GIVEN DATA: Begin

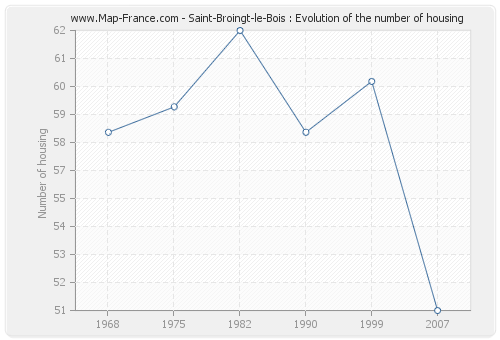 Saint-Broingt-le-Bois : Evolution of the number of housing
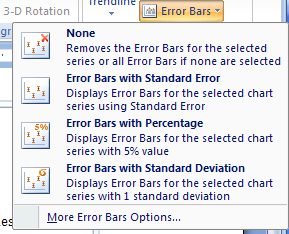 Error Bars to hide error bars or show error bars with using Standard Error, Percentage, or Standard Deviation.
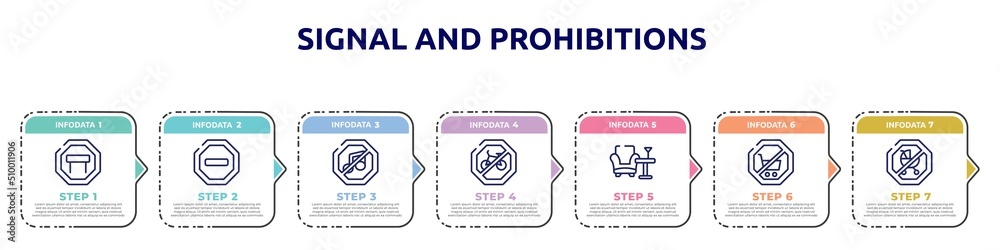 signal and prohibitions concept infographic design template. included tall, prohibited way, no music, no bicycle, lounge, no shopping cart, children icons and 7 option or steps.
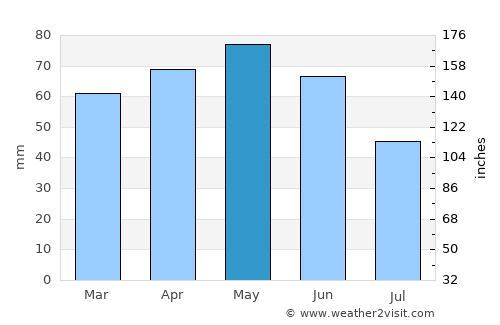 Şenpazar average rain in May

GIVEN DATA: End

WHAT IS NEEDED. Exactly as written, return each line above and leave the pictures behind.

PROBLEM SOLUTION.
 Saint-Broingt-le-Bois : Evolution of the number of housing
 Error Bars to hide error bars or show error bars with using Standard Error, Percentage, or Standard Deviation.
 signal and prohibitions concept infographic design template. included tall, prohibited way, no music, no bicycle, lounge, no shopping cart, children icons and 7 option or steps.
 Şenpazar average rain in May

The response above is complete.